--- START ---

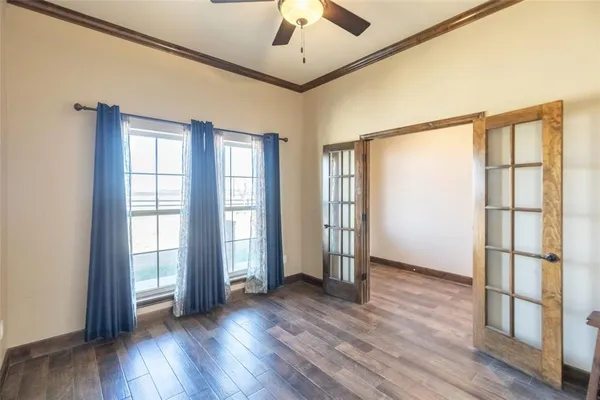 wooden floor in an empty room with a window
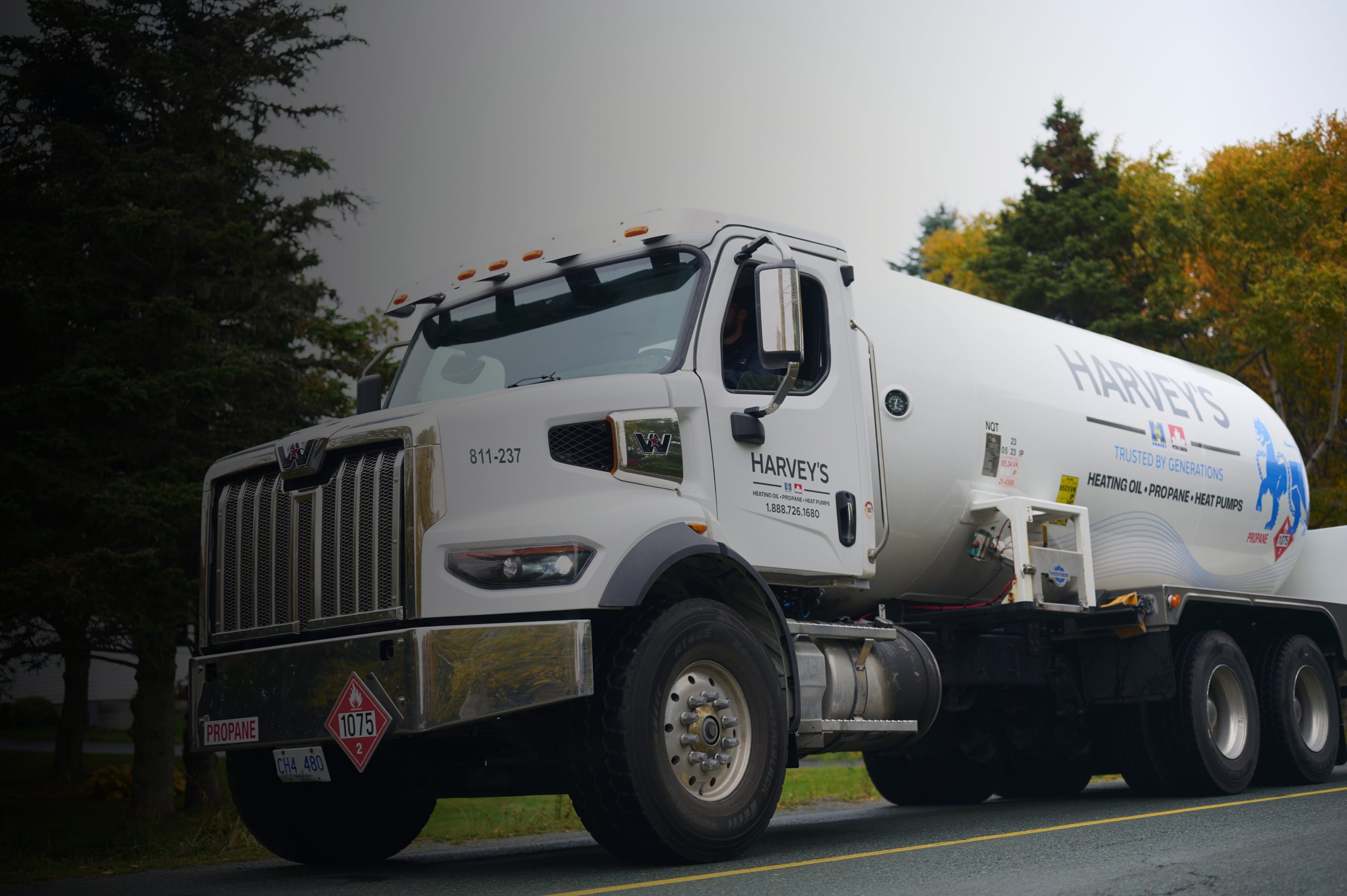 A Harvey's propane delivery truck parked in a residential neighbourhood.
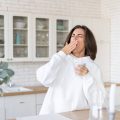 Young woman in a warm white hoodie at home in the kitchen, starts her day with a cup of coffee, yawns, barely woke up, lack of sleep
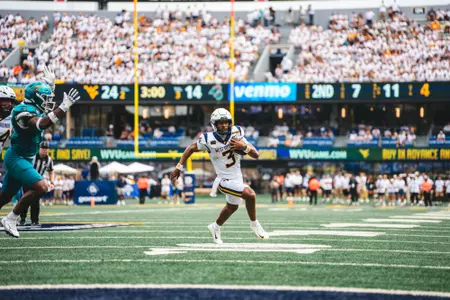 Quarterback Michael Hawkins Jr. (3) scores his first career rushing touchdown as a Mountaineer in the fourth quarter against Coastal Carolina on Sept. 5, 2026.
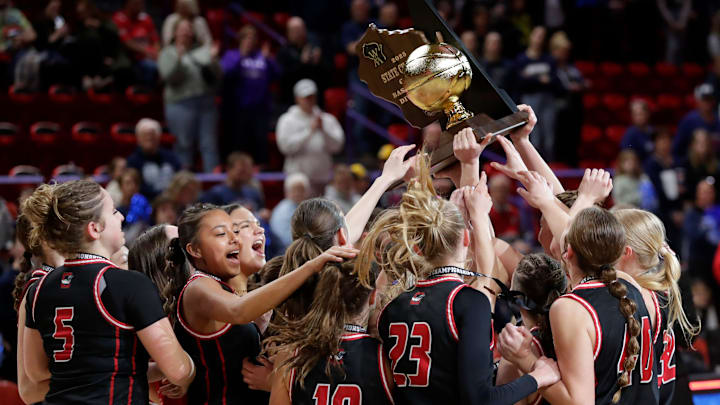 The Oostburg High School girls basketball team celebrates after winning the WIAA Division 3 state championship on March 15, 2025, at the Resch Center in Ashwaubenon, Wis. The Oostburg High School girls basketball team celebrates after winning the WIAA Division 3 state championship on March 15, 2025, at the Resch Center in Ashwaubenon, Wis.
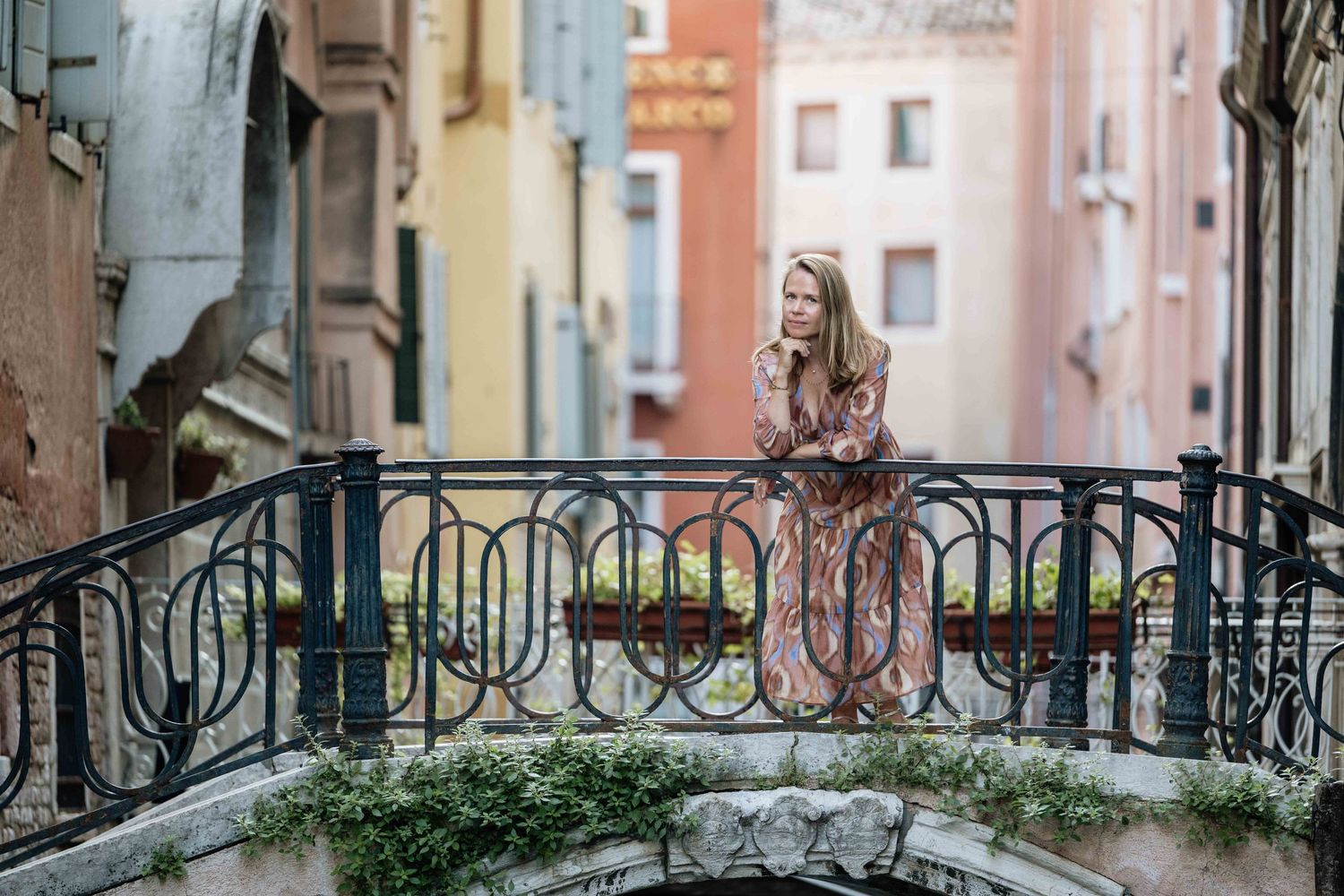 Vintage turquoise door with ornate stone archway in Venice creates atmospheric backdrop for fashion photoshoot.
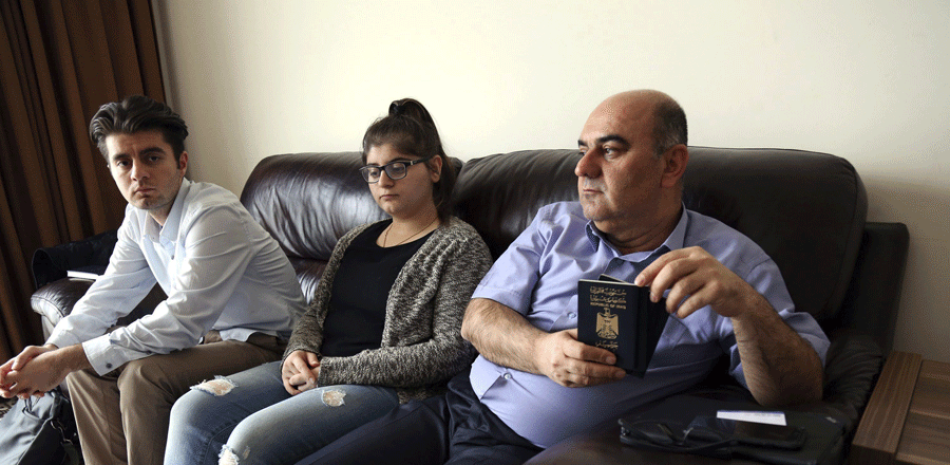 Fraud Sharif (d), de 51 años, enseña junto a los miembros de su familia su pasaporte en su residencia en Erbil, la capital de la Región Autónoma Kurda, al norte de Irak, hoy 31 de enero de 2017.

--- END ---

**Problem to work on**
Reproduce every entry above in full and exactly, though not its pictures.

**Written response**
 wooden floor in an empty room with a window
 A Harvey's propane delivery truck parked in a residential neighbourhood.
 Young woman in a warm white hoodie at home in the kitchen, starts her day with a cup of coffee, yawns, barely woke up, lack of sleep
 Quarterback Michael Hawkins Jr. (3) scores his first career rushing touchdown as a Mountaineer in the fourth quarter against Coastal Carolina on Sept. 5, 2026.
 The Oostburg High School girls basketball team celebrates after winning the WIAA Division 3 state championship on March 15, 2025, at the Resch Center in Ashwaubenon, Wis. The Oostburg High School girls basketball team celebrates after winning the WIAA Division 3 state championship on March 15, 2025, at the Resch Center in Ashwaubenon, Wis.
 Vintage turquoise door with ornate stone archway in Venice creates atmospheric backdrop for fashion photoshoot.
 Fraud Sharif (d), de 51 años, enseña junto a los miembros de su familia su pasaporte en su residencia en Erbil, la capital de la Región Autónoma Kurda, al norte de Irak, hoy 31 de enero de 2017.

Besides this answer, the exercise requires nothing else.